Either because not all changed their opinion at the same time or because of the dependence on slavery, during the debates on the Declaration the colonies of the Deep South demanded that the clause be removed. The delegates from South Carolina and Georgia, possibly led by Edward Rutledge, threatened that their colonies would fight on the side of Great Britain if the section remained. This was not an empty threat. The southern colonies had a higher percentage of Loyalists than their northern neighbors, and Georgia was the youngest of the colonies, only 43 years old. Her ties to the mother country had not had much time to loosen. Faced with the possibility of disunited states, Thomas Jefferson had no choice but to remove the clause.
But the demise of the clause was not the end of the idea. Prior to declaring independence all thirteen of the colonies practiced slavery. As the states wrote their new constitutions, many put an end to it within their own borders. Most of the states took a gradual approach. A date was set. Those born after that date were free. That is how it came about that at the time of the Civil War, there were still slaves living in New Jersey, though by then too old to work. Others ended slavery more immediately. When the Massachusetts Supreme Judicial Court ruled slavery to be illegal under a clause in the states’ constitution all slaves were freed. When Vermont was added to the union, its constitution prohibited slavery. By 1804, every state north of the Mason Dixon Line had outlawed slavery. Even those states that did not ban slavery outright, as Jefferson tried unsuccessfully to do in Virginia, placed limits on slavery such as banning the importation and exportation of slaves. And in 1807 Thomas Jefferson signed into law an act finally ending the importation of slaves into the United States.

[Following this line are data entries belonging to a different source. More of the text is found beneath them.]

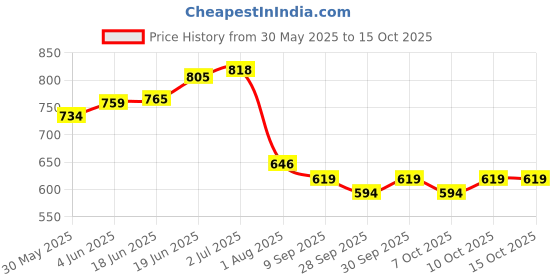 flipkart.com moody Gas Camp Stove moody Price History Graph from 30 May 2025 to 15 Oct 2025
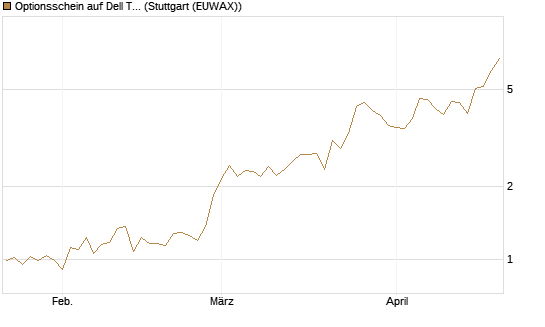 Optionsschein auf Dell Technologies [Goldman Sachs Bank Europe SE] Chart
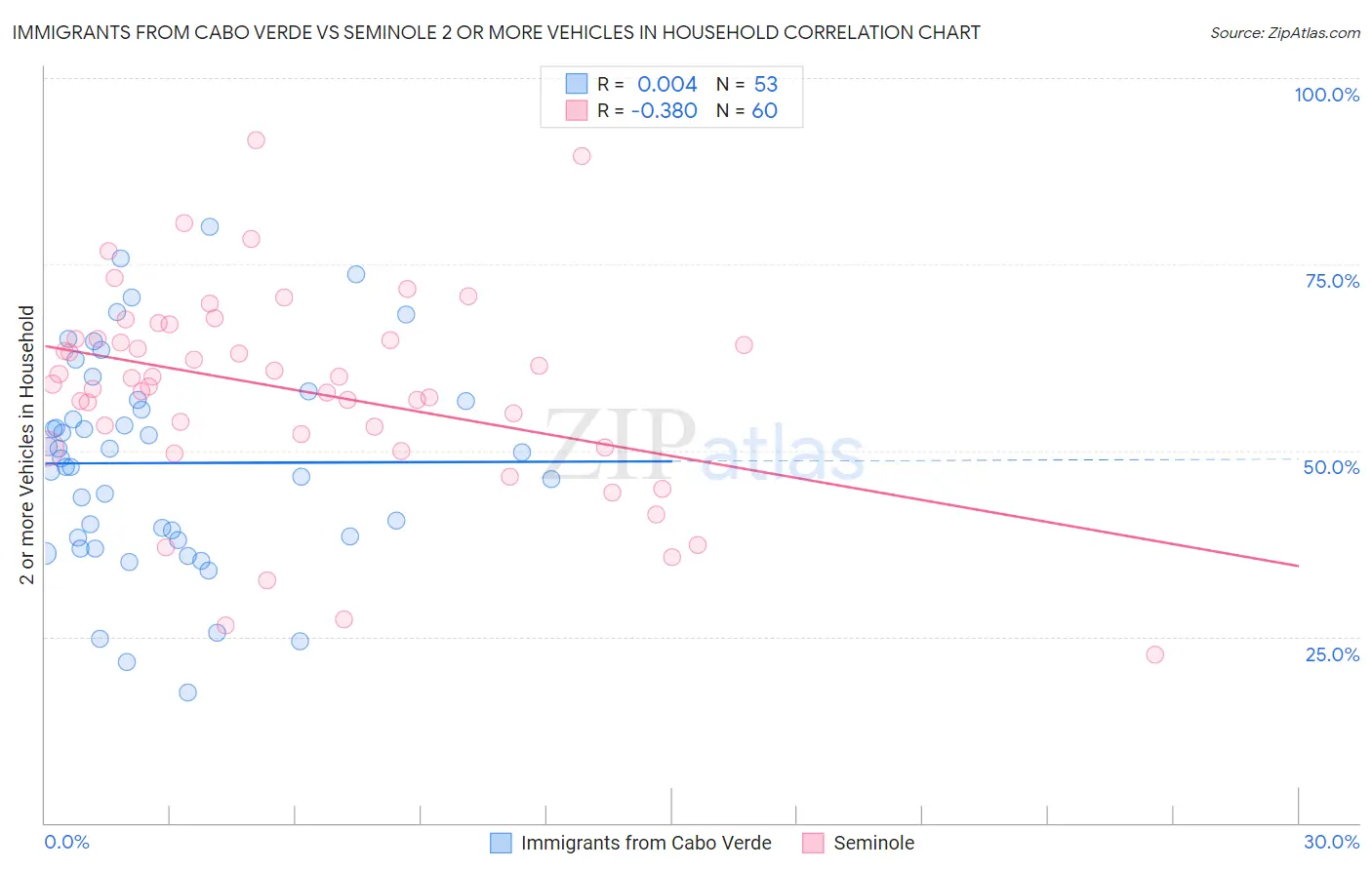 Immigrants from Cabo Verde vs Seminole 2 or more Vehicles in Household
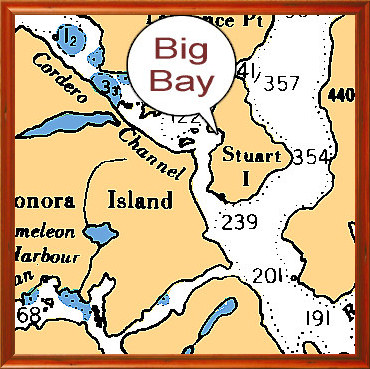 Big Bay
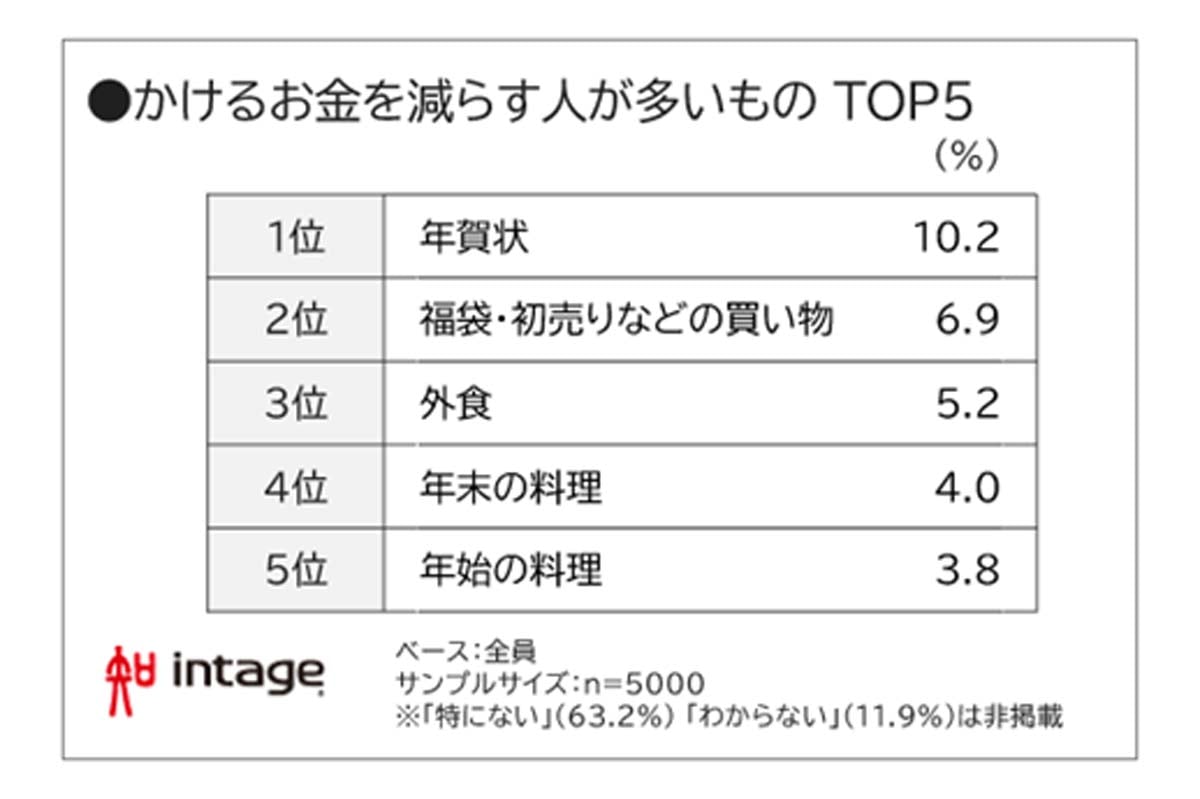 全国の15歳から79歳の男女5000人を対象に実施した、年末年始の行動に関する調査結果（画像：インテージ）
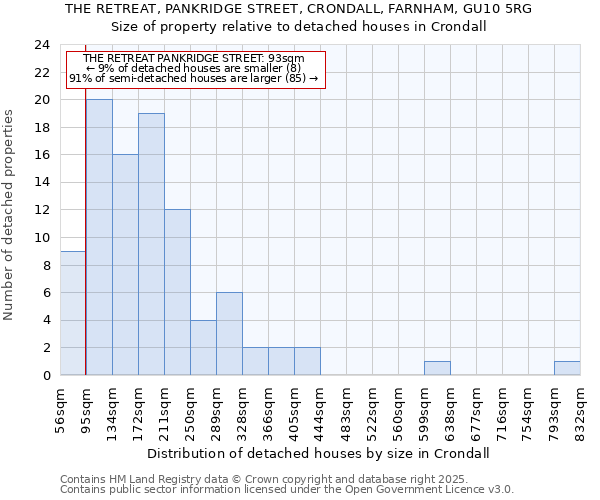 THE RETREAT, PANKRIDGE STREET, CRONDALL, FARNHAM, GU10 5RG: Size of property relative to detached houses houses in Crondall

Other actions revealed the Founders general views on slavery. In 1787, the Second Continental Congress passed the Northwest Ordinance. This act dealt with the territory north of the Ohio River. One of the most significant parts of it was the prohibition of slavery in U.S. territories. “There shall be neither slavery nor involuntary servitude in the said territory.”
It took 89 years for this particular promise of the Declaration to be fulfilled, but it was. Had the colonies been united at the beginning on the issue of slavery, or had the principles of liberty been followed by the succeeding generations, perhaps the Civil War could have been avoided and emancipation occurred sooner. Disunity and the ignoring of foundational principles had consequences. In our first century as a nation that consequence was war. What is it today?